When 3.00 mol of a and 4.00 mol of b are placed in a container and allowed to come to equilibrium, the resulting mixture is found to contain 0.80 mol of d. what is the value of k at equilibrium? a(g) + 2b (g) c (g) + d(g)

Answer 1

Correct question :- When 3.00 mol of A and 4.00 mol of B are placed in a container and allowed to come to equilibrium, the resulting mixture is found to contain 0.80 mol of D. what is the value of k at equilibrium?
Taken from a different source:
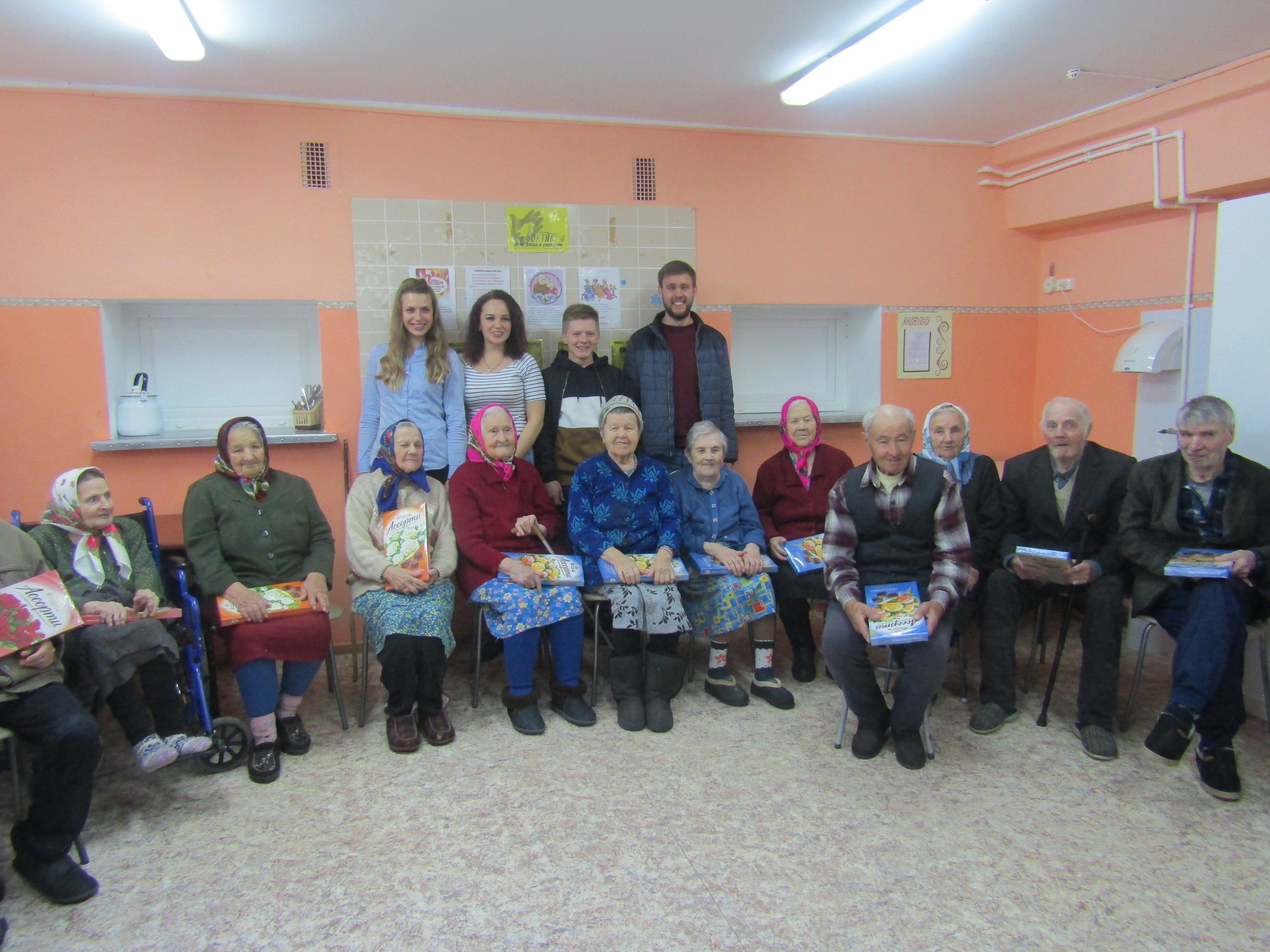 Пожилые люди приняли поздравление от молодых специалистов ЛПУМГ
The reaction is. :- A(g) + 2B (g) $\rightarrow$ C (g) + D (g)

Soln:-

Given

The reaction :- A(g) + 2B (g) $\rightarrow$ C (g) + D (g)

To Find

The equilibtium constant of the reaction.

Concept :-

For a reaction :- xA(g) + yB (g) $\rightarrow$ mC (g) + nD (g) ,if [A] ,[B] ,[C] and [D] are equilibtium concentration of the species A,B,C and D respectively. Then rate constant of the reaction is given as :

$\boxed{\green{K\:=\: \frac{[C]^m\:[D]^n}{[A]^x\:[B]^y}}}$

Solutions

Initially 3 moles of A and 4 moles of B were present in the container. At equilibrium, 0.8 mole of D is formed.

• Let x moles of A is dissociated.

See the attachment now

We get , [D] = x

Hence, x = 0.8 moles.

• 0.8 moles of [A] is dissociated at equilibrium.

• At equilibrium

[A] = 3 - x = 3 - 0.8 = 2.4

[B] = 4 -2x = 4 - 1.6 = 2.4

[C] = [D] = 0.8

Now, for the reaction :- A(g) + 2B (g) $\rightarrow$ C (g) + D (g)

$K\:=\: \frac{[C]\:[D]}{[A]\:[B]^2}$

=> $K\:=\: \frac{0.8\:\times\:0.8}{2.4\:\times{2.4}^2 }$

=> $K\:=\: \frac{0.8\:\times\:0.8}{2.4\:\times{2.4}^2 }$

=> K = 0.046 .

Hence, equilibrium constant of the reaction is 0.046 .